I can’t help but think about what they would be doing now had their lives not been stolen. I think about the parents who took their children to the airport that day and about what they must be thinking today. Asia’s parents, Clifton and Michelle, wrote a book in 2014 about her life, Asia’s New Wings: The Untold Story of a Young Girl Lost on 9/11, and started the Asia SiVon Cottom Memorial Scholarship in her honor, a program that has awarded more than $280,000 in college funds to 103 students.
Teachers Sara Clark, James Debeuneure, and Hilda Taylor were with the students. Sara, 65, and her fiancé were making wedding arrangements. James, 58, a father and grandfather, enjoyed golf and collecting art. Hilda, 58, a mother and grandmother, loved to cook and work in her garden. They were accompanied by National Geographic employees. Ann Judge, 49, arranged trips around the world for our journalists and executives; Joe Ferguson, 39, loved teaching children about geography.
Their stories are not lost. Each year we learn more about the lives cut short and so much more about the people left behind. The Atlantic’s Jennifer Senior recently wrote a poignant story about how one family processed its grief, themes carried forward in Nat Geo’s stirring documentary, One Day in America, streaming on Hulu. (Pictured above, members of the group traveling with National Geographic pause in Dulles International Airport for a photo before their flight. From left to right: James Debeuneure, Rodney Dickens, Bernard Brown, Hilda Taylor, Asia Cottom, Joe Ferguson, and Ann Judge.) At the September 11th Memorial and Museum where the twin towers once stood, more than 70,000 seemingly ordinary objects tell the stories of that day. Rosemary Smith descended 57 flights to make it out of the World Trade Center following a 1993 attack, but on September 11, 2001, she forwarded calls to an answering machine as her co-workers evacuated. She did not make it out in time. Her remains and watch were found on Christmas Eve.

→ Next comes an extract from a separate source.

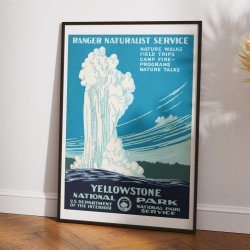 Yellowstone - Ranger Naturalist Service - 1938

I worked briefly in One World Trade for one of the first companies to move into the new tower. The soaring new building, a symbol of America’s fortitude and a testament to the resilience of New Yorkers, helped launch a cultural Renaissance in Lower Manhattan. But every time I stepped into that fortress I knew I was walking on hallowed ground. I would stop regularly and read the 2,977 names on the bronze memorial. I also was keenly aware of the sacred African Burial Ground whose artifacts and remains, disturbed to make room for development, were stored in the basement of Six World Trade. Nearly one million artifacts from the Five Points community and the burial ground were destroyed when Tower One fell onto the building.